PROMPT: Your task is to copy the lines of the data below from the line holding "Ženska torba s" through the line holding "Bronze ti hardware", inclusive, exactly and with nothing added.

—————

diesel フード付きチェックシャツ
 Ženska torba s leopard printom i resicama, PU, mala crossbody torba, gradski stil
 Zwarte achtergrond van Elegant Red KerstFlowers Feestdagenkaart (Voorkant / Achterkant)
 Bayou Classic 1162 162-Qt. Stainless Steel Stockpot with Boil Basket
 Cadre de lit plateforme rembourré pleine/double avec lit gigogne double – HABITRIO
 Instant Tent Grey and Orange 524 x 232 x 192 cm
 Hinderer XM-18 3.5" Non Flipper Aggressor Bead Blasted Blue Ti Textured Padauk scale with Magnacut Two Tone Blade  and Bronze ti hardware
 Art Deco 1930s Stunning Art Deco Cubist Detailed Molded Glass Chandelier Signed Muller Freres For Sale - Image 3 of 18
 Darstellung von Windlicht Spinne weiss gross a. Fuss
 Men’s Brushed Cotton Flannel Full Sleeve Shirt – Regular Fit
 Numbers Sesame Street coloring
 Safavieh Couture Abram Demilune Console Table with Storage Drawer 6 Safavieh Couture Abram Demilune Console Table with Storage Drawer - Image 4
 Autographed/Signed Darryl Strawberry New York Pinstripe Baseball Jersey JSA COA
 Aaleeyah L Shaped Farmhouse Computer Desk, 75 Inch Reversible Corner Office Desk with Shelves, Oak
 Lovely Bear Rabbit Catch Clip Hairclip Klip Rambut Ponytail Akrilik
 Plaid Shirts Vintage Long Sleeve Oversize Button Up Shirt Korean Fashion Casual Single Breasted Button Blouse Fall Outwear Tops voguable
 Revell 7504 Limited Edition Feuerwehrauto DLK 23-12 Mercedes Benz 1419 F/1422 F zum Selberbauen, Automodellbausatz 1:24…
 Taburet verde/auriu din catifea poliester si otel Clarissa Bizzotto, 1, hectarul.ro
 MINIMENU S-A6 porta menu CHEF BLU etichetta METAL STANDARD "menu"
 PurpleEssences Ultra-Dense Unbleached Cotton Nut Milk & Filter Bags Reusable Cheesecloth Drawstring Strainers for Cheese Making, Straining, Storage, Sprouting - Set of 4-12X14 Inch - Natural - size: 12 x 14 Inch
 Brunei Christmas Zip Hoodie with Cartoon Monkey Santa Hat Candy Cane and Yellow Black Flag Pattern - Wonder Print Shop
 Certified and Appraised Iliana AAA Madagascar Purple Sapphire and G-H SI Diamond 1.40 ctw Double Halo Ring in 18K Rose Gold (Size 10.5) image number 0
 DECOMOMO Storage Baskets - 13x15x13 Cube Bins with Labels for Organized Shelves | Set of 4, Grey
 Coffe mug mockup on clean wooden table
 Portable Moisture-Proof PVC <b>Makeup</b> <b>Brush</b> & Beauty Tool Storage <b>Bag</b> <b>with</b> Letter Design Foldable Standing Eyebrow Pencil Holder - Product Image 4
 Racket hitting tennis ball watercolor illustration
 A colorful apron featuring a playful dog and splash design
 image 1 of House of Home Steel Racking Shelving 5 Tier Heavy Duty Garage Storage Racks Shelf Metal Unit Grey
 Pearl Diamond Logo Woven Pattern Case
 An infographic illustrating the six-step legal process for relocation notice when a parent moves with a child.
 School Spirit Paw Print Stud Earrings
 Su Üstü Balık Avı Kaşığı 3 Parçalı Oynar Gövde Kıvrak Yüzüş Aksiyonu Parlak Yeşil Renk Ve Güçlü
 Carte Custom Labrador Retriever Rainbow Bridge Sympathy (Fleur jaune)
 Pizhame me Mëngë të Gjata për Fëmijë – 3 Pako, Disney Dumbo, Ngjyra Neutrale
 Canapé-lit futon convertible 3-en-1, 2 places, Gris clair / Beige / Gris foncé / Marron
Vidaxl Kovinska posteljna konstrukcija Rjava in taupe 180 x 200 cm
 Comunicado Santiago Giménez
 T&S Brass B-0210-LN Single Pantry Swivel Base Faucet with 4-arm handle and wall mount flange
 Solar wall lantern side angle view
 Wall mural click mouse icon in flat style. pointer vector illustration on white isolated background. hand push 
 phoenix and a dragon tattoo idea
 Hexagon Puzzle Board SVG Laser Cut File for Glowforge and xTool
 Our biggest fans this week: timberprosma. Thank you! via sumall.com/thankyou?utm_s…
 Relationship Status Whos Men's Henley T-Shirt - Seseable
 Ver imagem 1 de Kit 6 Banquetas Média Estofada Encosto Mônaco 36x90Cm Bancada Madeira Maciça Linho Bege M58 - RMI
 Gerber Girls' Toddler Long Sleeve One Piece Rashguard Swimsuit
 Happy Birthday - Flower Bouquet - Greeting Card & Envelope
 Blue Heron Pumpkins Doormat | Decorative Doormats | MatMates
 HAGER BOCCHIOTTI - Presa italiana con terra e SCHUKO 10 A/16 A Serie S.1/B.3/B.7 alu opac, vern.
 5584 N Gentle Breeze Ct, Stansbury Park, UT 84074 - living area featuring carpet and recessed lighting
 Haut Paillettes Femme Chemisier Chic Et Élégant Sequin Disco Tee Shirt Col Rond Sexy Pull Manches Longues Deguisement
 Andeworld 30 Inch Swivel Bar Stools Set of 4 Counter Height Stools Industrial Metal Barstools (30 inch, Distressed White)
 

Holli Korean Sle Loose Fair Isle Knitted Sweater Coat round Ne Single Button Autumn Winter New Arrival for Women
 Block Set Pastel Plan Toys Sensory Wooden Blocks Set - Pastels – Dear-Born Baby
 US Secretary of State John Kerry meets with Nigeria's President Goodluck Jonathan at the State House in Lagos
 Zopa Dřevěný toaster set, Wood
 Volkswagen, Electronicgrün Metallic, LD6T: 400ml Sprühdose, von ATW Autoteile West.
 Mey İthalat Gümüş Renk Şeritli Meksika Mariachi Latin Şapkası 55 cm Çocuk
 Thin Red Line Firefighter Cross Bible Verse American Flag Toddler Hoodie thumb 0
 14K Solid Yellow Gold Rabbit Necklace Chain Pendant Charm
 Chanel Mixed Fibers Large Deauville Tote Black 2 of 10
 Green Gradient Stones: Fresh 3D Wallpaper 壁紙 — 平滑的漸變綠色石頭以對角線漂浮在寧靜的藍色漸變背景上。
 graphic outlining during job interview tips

—————

ANSWER TO THIS EXERCISE:
 Ženska torba s leopard printom i resicama, PU, mala crossbody torba, gradski stil
 Zwarte achtergrond van Elegant Red KerstFlowers Feestdagenkaart (Voorkant / Achterkant)
 Bayou Classic 1162 162-Qt. Stainless Steel Stockpot with Boil Basket
 Cadre de lit plateforme rembourré pleine/double avec lit gigogne double – HABITRIO
 Instant Tent Grey and Orange 524 x 232 x 192 cm
 Hinderer XM-18 3.5" Non Flipper Aggressor Bead Blasted Blue Ti Textured Padauk scale with Magnacut Two Tone Blade  and Bronze ti hardware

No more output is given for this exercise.